Social isolation can have measurable — and negative — effects on us humans. But horses seem to resemble us in that regard. According to new research from the University of Hohenheim in Stuttgart, Germany, horses kept in individual stables have higher levels of stress hormones in their blood and shifts in their immune systems that are further indicative of stress. The latter factor could also make them more vulnerable to pathogens and the diseases they cause.
That being said, control animals housed in social stables with other horses did not show the same markers of stress.
Horse ownership has often been the privilege of the rich and the well-to-do’s, but it is safe to say that this practice has only become rarer in modern times. Horse ownership has been regarded as a privilege for a long time, and in modern times, at least in the developed world, owning a horse can be very expensive. In particular, owning an appropriate plot of land on which to raise these animals is exceedingly rare.
With that being said, horses often need more freedom and social interaction with other horses than they usually get in traditional stabling practices, especially as horses and humans can influence each other in ways that aren’t always easy to understand. Recent studies have even shown that horses are smarter than you think: they remember their owners’ faces and form strong friendships and social relationships. A new study shows that they’re also vulnerable in the face of loneliness.

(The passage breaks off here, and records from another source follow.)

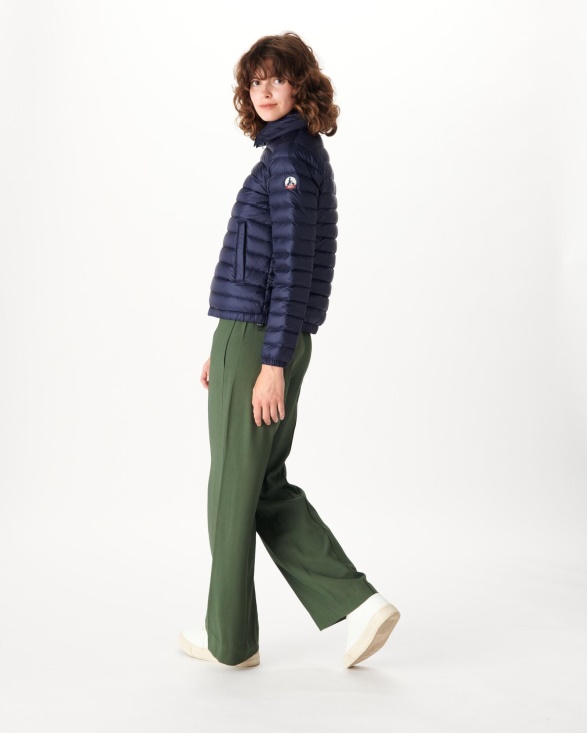 Lightweight Down Jacket Marine Louisa Jott UK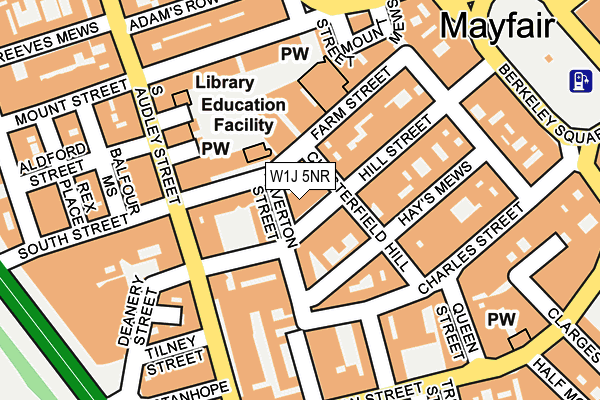 W1J 5NR map - OS OpenMap – Local (Ordnance Survey)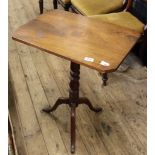 A late Victorian mahogany tripod table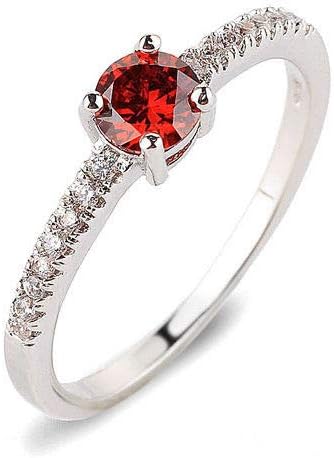 Play Pailin 55mm Pink/Red AAA CZ Band feminino Gold White Cheded Wedding Rail Ring tamanho 6-8
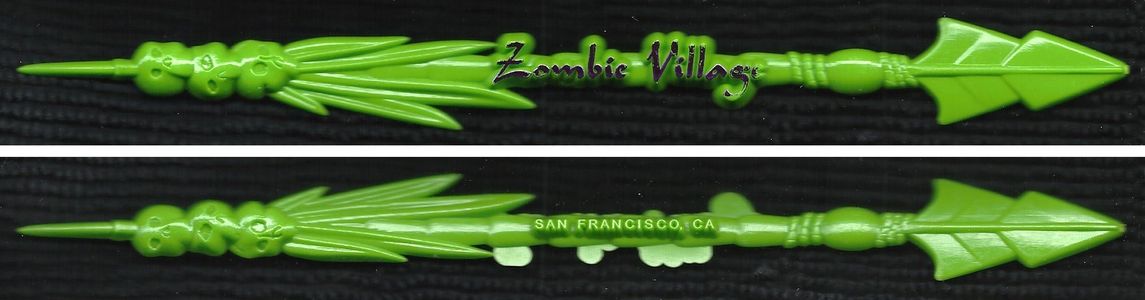 Swizzle ZOMBIE VILLAGE Green Spear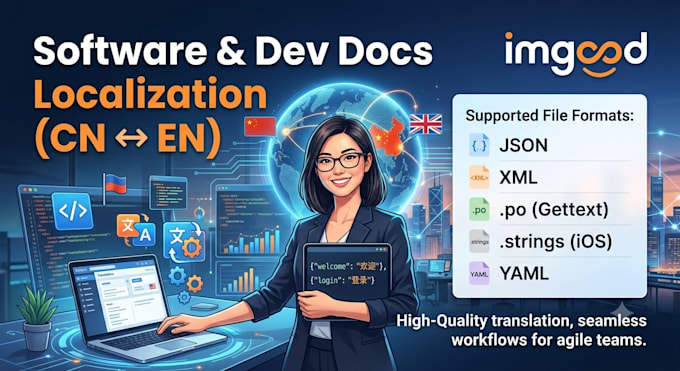 translate software UI strings and developer docs into chinese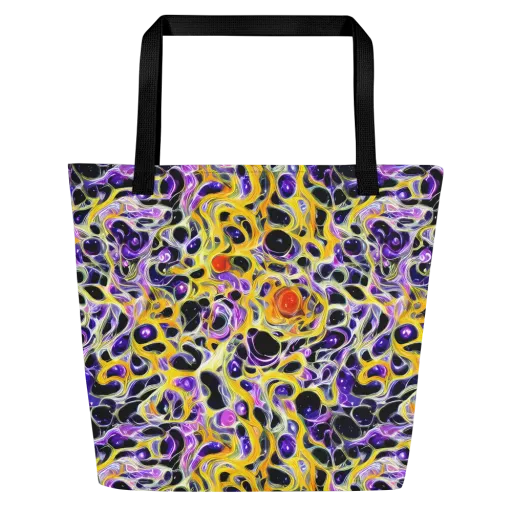 Solar Amethyst on a Large Tote Bag W/ Pocket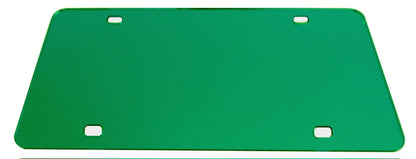 Blank Mirror License Plate Laser Cut Acrylic with 4 Holes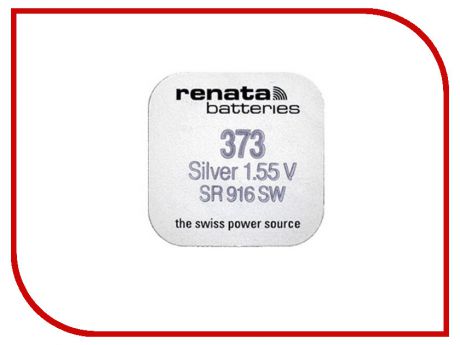 Батарейка R373 - Renata SR916SW (1 штука)
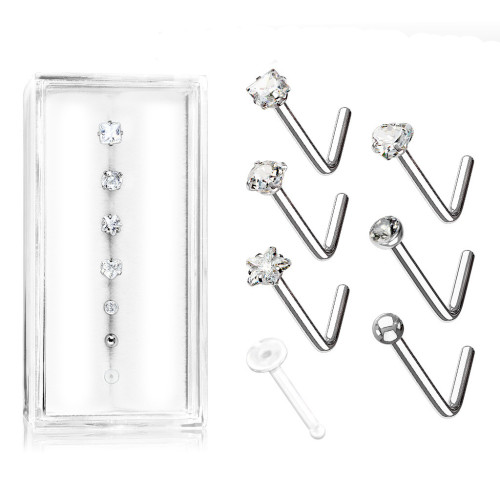 Sada 7 piercingov do nosa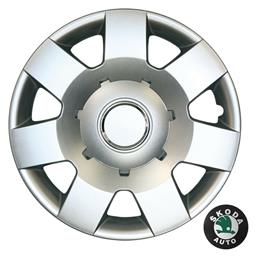 Σετ Τάσια Αυτοκινήτου Skoda Fabia/Praktik 4τμχ 14'' Ασημί Croatia Cover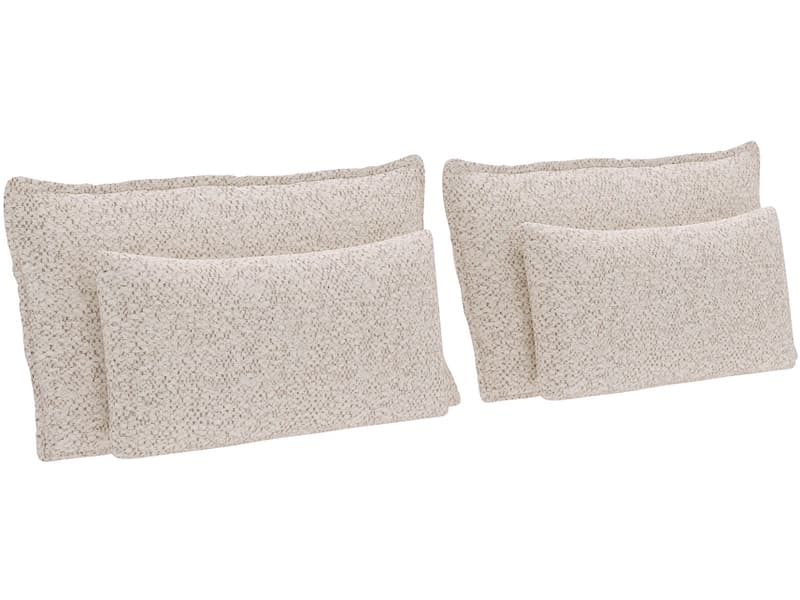 Set 4 Kissen BELLAGIO 30x65cm dunkelbeige unifarben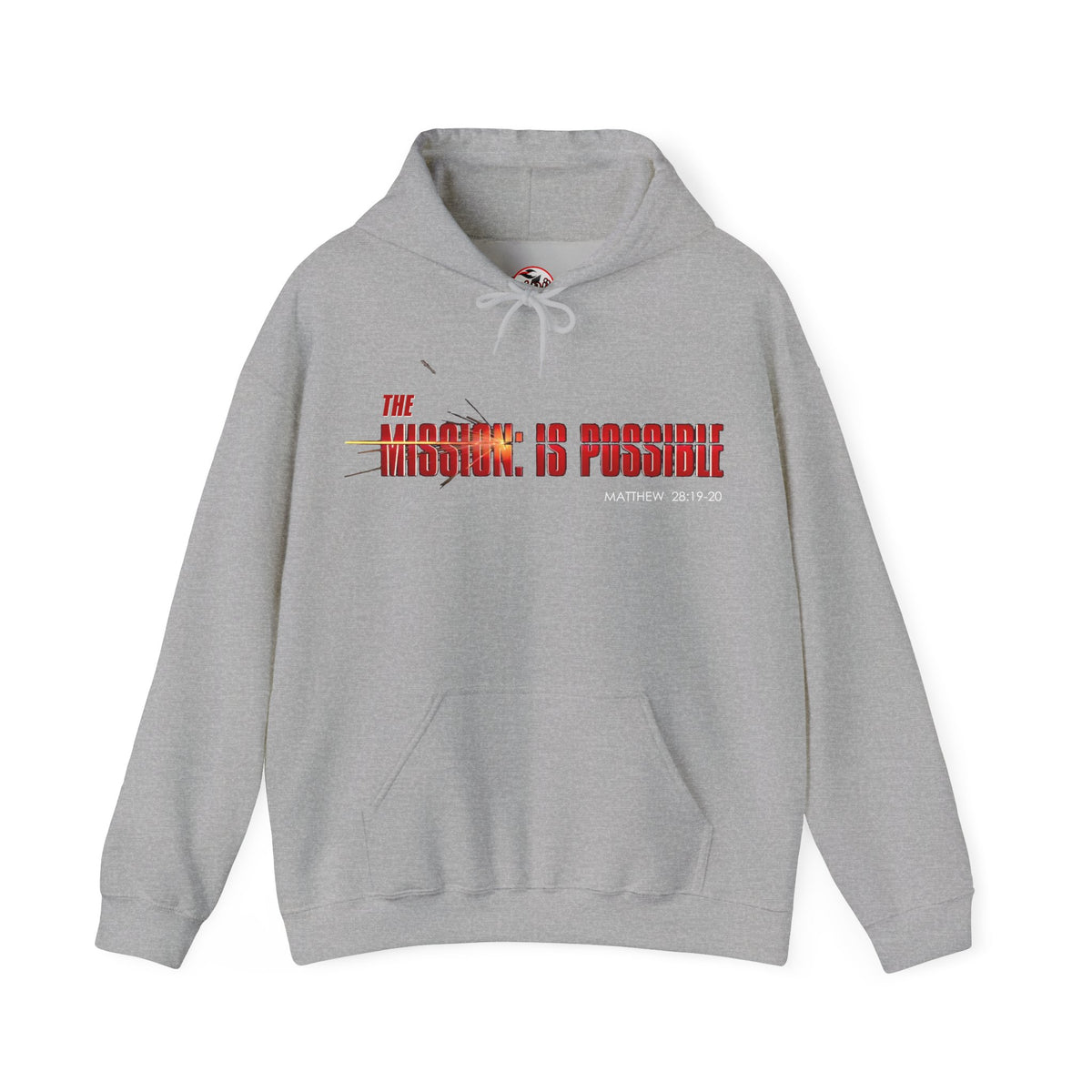 "The Mission is Possible" Motivational Pullover Hoodie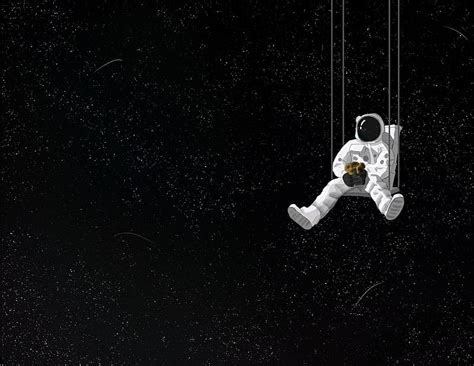 Astronaut Swing Bouquet Space Art Hd Wallpaper Peakpx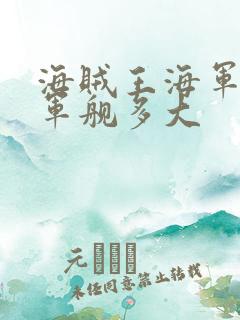 海贼王海军各型军舰多大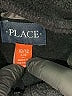 The Children's Place 100% Polyester Solid Black Jacket Size L (kids) - photo 3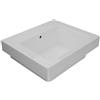COLAVENE Lavabo a incasso e d'appoggio rettangolare vasca centrale Alaqua L 60 x H 25 x P 21 cm in ceramica bianco lucido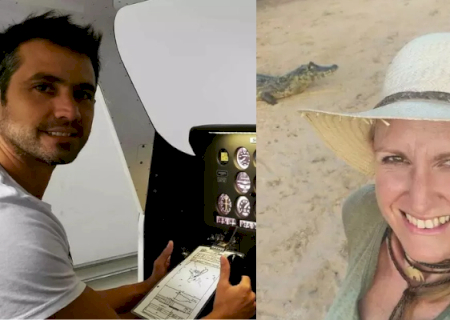 Piloto e pesquisadora alemã são as vítimas da aeronave que caiu em Campo Grande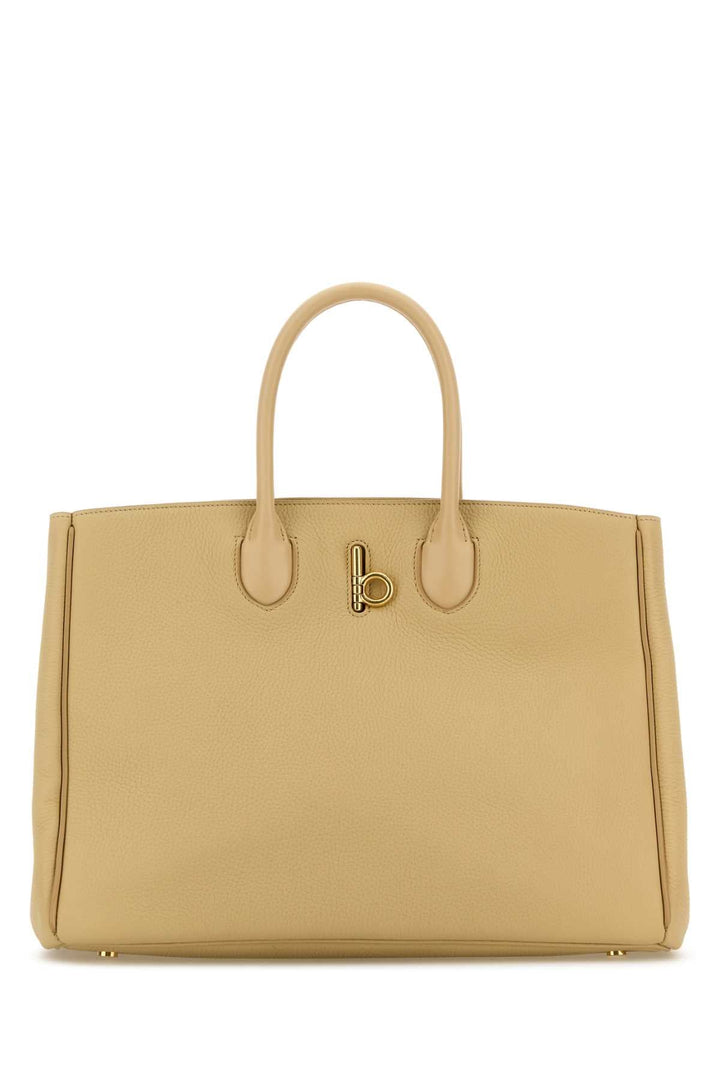 Burberry Women Beige Leather Medium Rocking Horse Handbag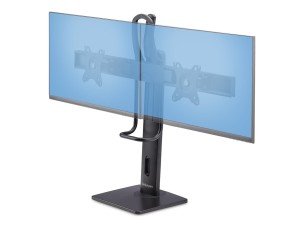 Startech Crossbar Dual Monitor Desk Stand, Double 27inch Screens/VESA stand - for 2 monitors - black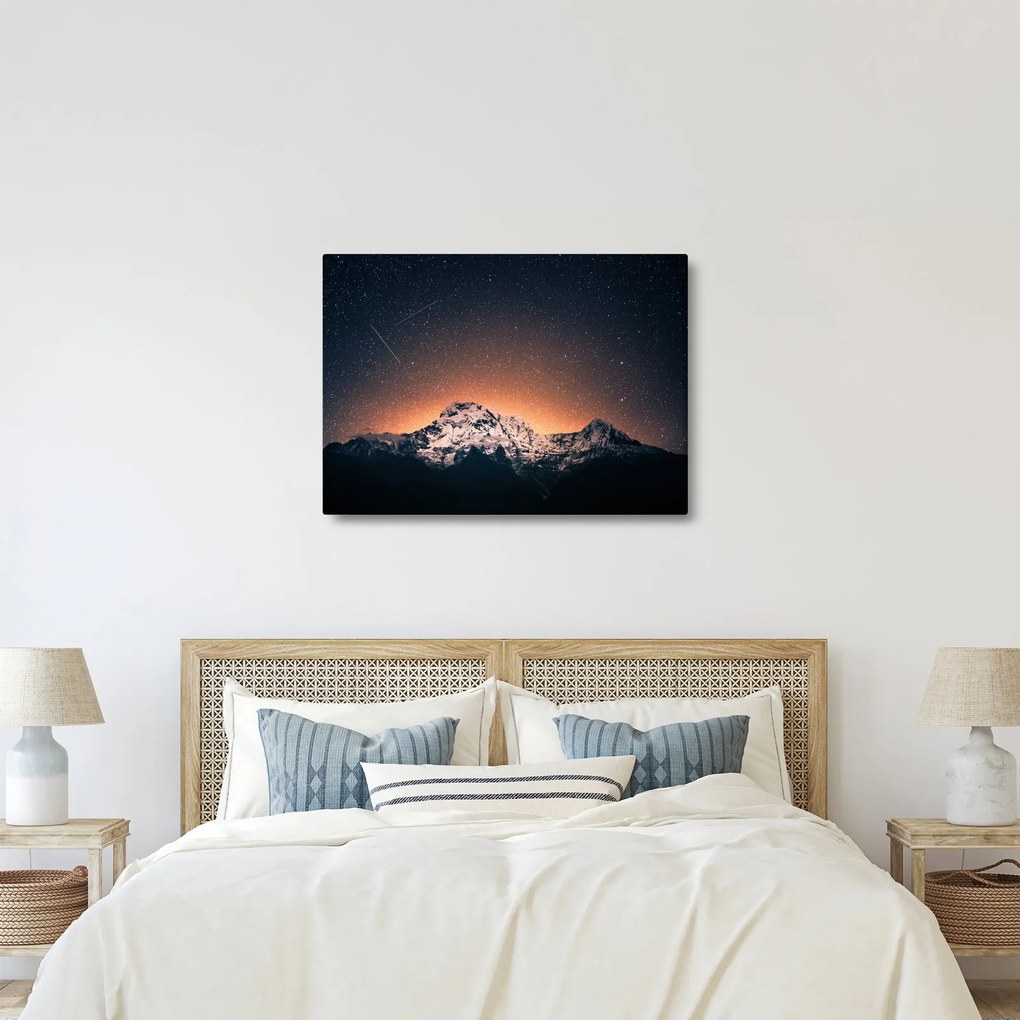 A csillagos ég, a hegyekkel képe (70x50 cm)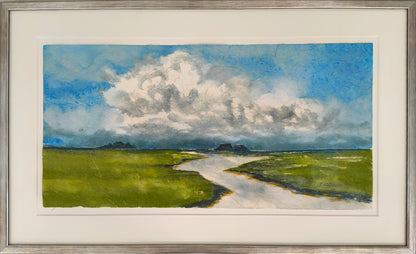 Radeloff, Jens, Priel, 30 x 60 cm, Aquarell auf Japanpapier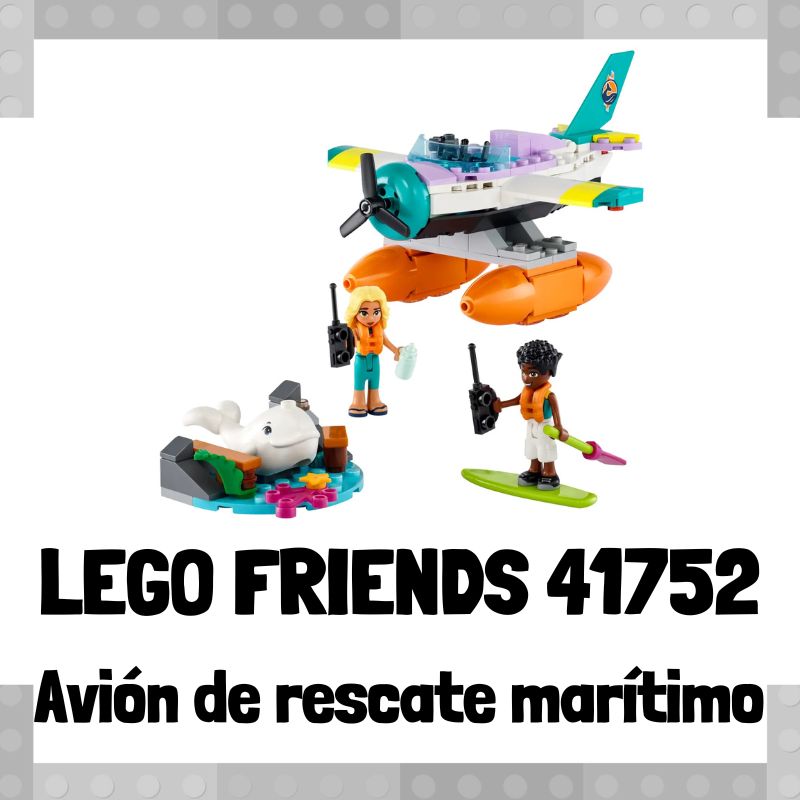 Lee más sobre el artículo Set de LEGO 41752 de Avión de rescate marítimo de LEGO Friends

The findings from the new study are based on 12 German Warmblood castrated male horses, aged 2-3 years old. These were taken from communal stables to separate spaces measuring 3.2 by 3.5 m (10.5 by 11.5 ft). Here, the horses had limited opportunities for social interactions with neighboring horses (through barred windows). They were only let out for 30 minutes a day.
“The results of the present study […] strongly indicate that social isolation is a chronic stressor,” the paper explains.”[A] resulting decrease in immunocompetence might increase disease susceptibility of the horses and thus impair their health and welfare.”
Blood samples were retrieved from the horses before relocation, one day after relocation, and finally, eight day after relocation. Based on these samples, the team analyzed how stress hormone levels varied in their blood and monitored their immune systems.
These samples revealed that the horses were feeling heightened levels of stress after the transition, as measured by their plasma cortisol levels and suggested by their behavioral patterns. Their immune systems were also reeling from this change. One and eight days after relocation to single housing, the mean numbers of eosinophils, T helper cells, and cytotoxic T cells — key white cells — dropped by up to 31%, 20%, and 22% respectively, whereas the mean numbers of neutrophils increased by 25%.
The findings strongly point to certain factors having a significant impact on the health and well-being of horses. That being said, the study does have some serious limitations.
For starters, it’s one of the first studies of its kind, but it only followed the animals for eight days — a very short period. This means that we cannot say for sure whether the changes are temporary or long-lasting.
It also doesn’t separate between the effects caused by changes in stability to those in free time or exercise. Other factors that can impact health and stress levels. Horse nutrition, any allergies each animal might have, or other factors can also influence stress levels and immunity, and these were not detailed in the current study. In other words, although the study did showcase an increase in stress levels and changes in immune potential, it doesn’t prove beyond a doubt that social isolation was the root cause.
One hypothesis as to why horses could be feeling extra stress due to social isolation comes down to how they handle threat detection in the wild. Horses live in groups and use their peripheral vision to keep tabs on their fellows’ body language as they forage. This acts like an alarm system: when one of the horses senses danger and puts its head up, other horses will do the same, and run off if needed. If left by themselves, however, horses cannot rely on this approach for warning against possible dangers and enter a state of prolonged vigilance — stress. Or, at least, that is what the authors believe is happening.
The findings showcase how traditional stabling practices may be quite unhealthy for horses everywhere. Focusing on allowing these animals ample opportunities to spend time with their peers and freely socialize in open areas would go a long way towards improving their quality of life.